Każdy głupi wie że dwójka fabularnie zmiata z powoerzchni ziemii jednynkę. No i Joelowi należała się taka śmierć i tyle. Zwłaszcza w takim świecie. Fani to jednak istni debile, bo zamiast oceniać dzieło za to co ono dało i jak to zrealizowało, robią review bombing tylko za to, że wizja twórcy jest inna niż to co sobie ubzdurali w głowie. Głównym winowajcą jest tu internet, bo ludzie i dziennikarze sami siebie nakręcają w tych wszystkich teoriach, analizach trailerów i innych podobnych bzdurach. Bo czym innym jest analiza i ocena dzieła po jego premierze, a czym innym przed. Fajnie jest czytać jak inni odebrali te dzieło, bo zwracają uwagę na takie aspekty, które nam umknęły. Ale nakręcajnie się że dana hipoteza co do fabuły jest prawdą, to skrajna głupota. Ja sama jak ognia unikam wszelkich grup dyskusyjnych nim obejrzę/przeczytam czy zagram, bo 1. nie chcę psuć sobie frajdy (choć jestem totalnie prospoilerowa), 2. ludzie obecnie narzekają na absolutne bzdury, którew w ostateczym rozrachunku mają marginalny wpływ na fabułę, 3.ludzie są kompletnie nieuważni i nie wyłapują bardziej subtelnych wskazówek dla widza zawartych w dziele (nie pozdrawiam wszystkich, którzy nazywają Shionne z Tales of Arise "suką", choć od początku gra nam pokazuje że ma dobry powód by trzymać ludzi na dystans), 4. ludzie często zamiast krytycznie analizować to co dostali, wylewają żale o to czego nie dostali, bo zwyczajnie nie ma tego zawartego w dziele.

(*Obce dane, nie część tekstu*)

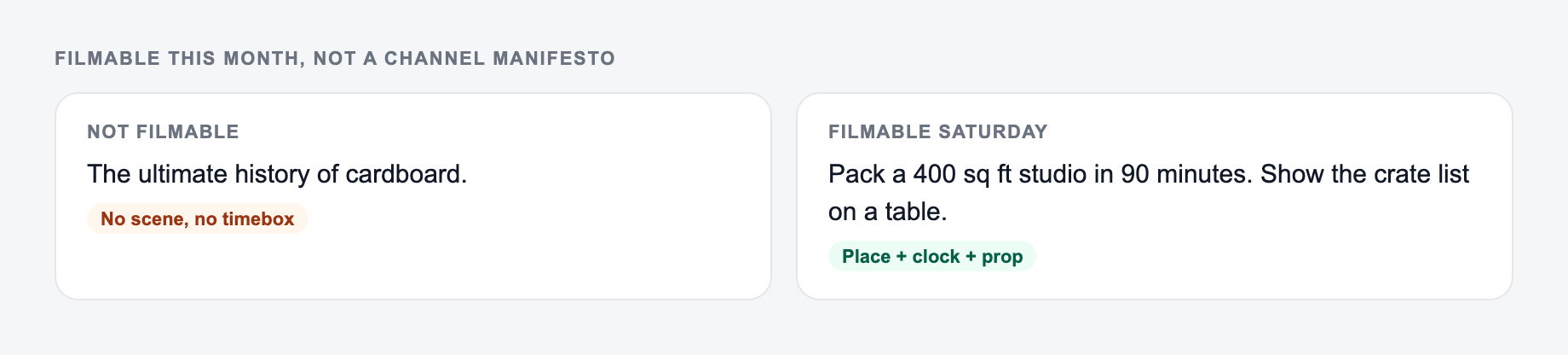 Filmable this month, not a channel manifesto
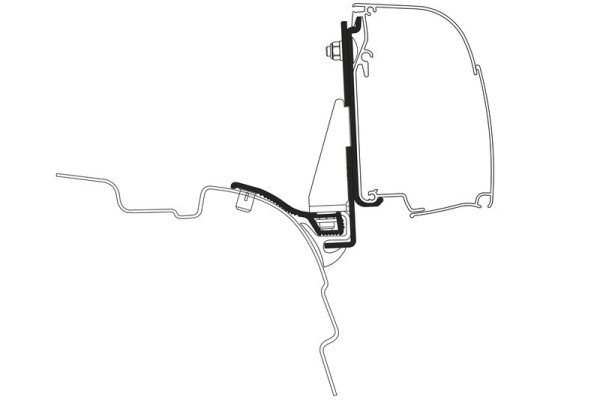Adaptér markýzy Thule Omnistor 4200 pro VW T5 / T6 Multirail (krátký rozvor)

Po ograniu dwójki (którą także uważam, za lepszą i ciekawszą od jedynki) stwierdzam, że ludzie wpisujący bzdury o grze, o mniejszościach itp., to są po prostu chorzy z nienawiści idioci (paru nawet znalazło się w komentarzach powyżej), którzy grę widzieli co najwyżej w pudełku na półce w sklepie. A sam doskonale pamiętam te wszystkie opinie jakie czytałem po premierze, gdzie tego smrodu i gówna w komentarzach było jeszcze więcej, wielu po grze jechało, obrażało, mówiło jaki to crap. Sam z chęcią tytuł ograłem kiedy już go dorwałem w odpowiednim czasie i mój komentarz jest jeden - jakie to było dobre.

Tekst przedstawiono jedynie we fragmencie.